Ciné: A América Latina tem, também, seus ditadores. Há um pouco de Pinochet em todo chileno?
Ruiz: Pinochet é um caso a parte, diferente dos ditadores latino-americanos que conheceram a alegria, a embriaguez do poder, que possuiram um caráter grotesco. Pinochet está mais pra um pequeno funcionário. É um personagem de Camus. Em L'État de Siége há um personagem chamado Nada, vestido de sub-oficial... Pinochet não vivia no luxo. Ele matava de modo prático. Ele assustava. Três mil mortes no Chile, trinta mil na Argentina, isso é tudo sobre seu minimalismo. O Chile é um país infantilizado que viveu mais o regime dos maus tempos que o do terror. Quando lá retornei após dez anos de exílio, não fui contrariado, mas uma viatura me seguia e, toda noite, sistematicamente, às quatro da madrugada, batiam à porta. Sem mais.
Ciné: Em Combate de Amor em Sonho você demonstra uma fascinação evidente por certos objetos, o anel, a bússola, o espelho ,a lanterna, a esfera, a cruz de malta. Tais objetos possuem com frequência propriedades mágicas.
Ruiz: No fime há nove objetos, nove histórias, mas cada história não corresponde, necessariamente, a um objeto. Pedi a quem se encarregava do cenário e do figurino que me encontrasse objetos, se possivel nove, e assim comecei a trabalher sobre os mesmos. Nove é a cifra da cabala cristã, a renascença tardia, o barroco. Eu os escolhi por razões bastante cinematográficas.
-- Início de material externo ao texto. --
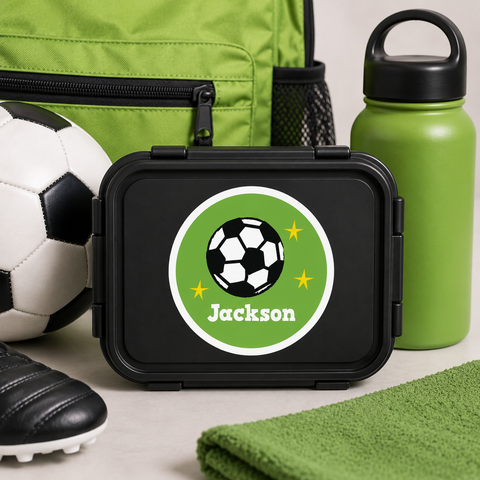 Green and black soccer ball name label on a kids black bento lunchbox for school and sports - Label Circus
Ciné: O mistério lhe agrada muito.
Ruiz: O trabalho no cinema consiste em filmar coisas completamente cotidianas que se tornam enigmáticas. E mais, o cinema é feito menos de histórias que de silêncios, de vazio. Como amo o mistério, em Combate do Amor em Sonho há um filme escondido. Um jovem, interpretado por Melvil Poupaud, encontra uma jovem numa boate. Eles partem juntos e sofrem um acidente. Em coma, o jovem ouve vozes a seu redor e pouco a pouco constroi qualquer coisa que o permite alcançar a morte. Ao longo de todo o filme, há indícios, sirenes, ruídos do acidente, o lamento de alguém que respira com dificuldade, vozes numa sala de operação. Eis o filme que se esconde por trás da análise combinatória de Combate de Amor em Sonho. Para descobrí-lo é preciso, evidentemente, escutar bem a banda sonora.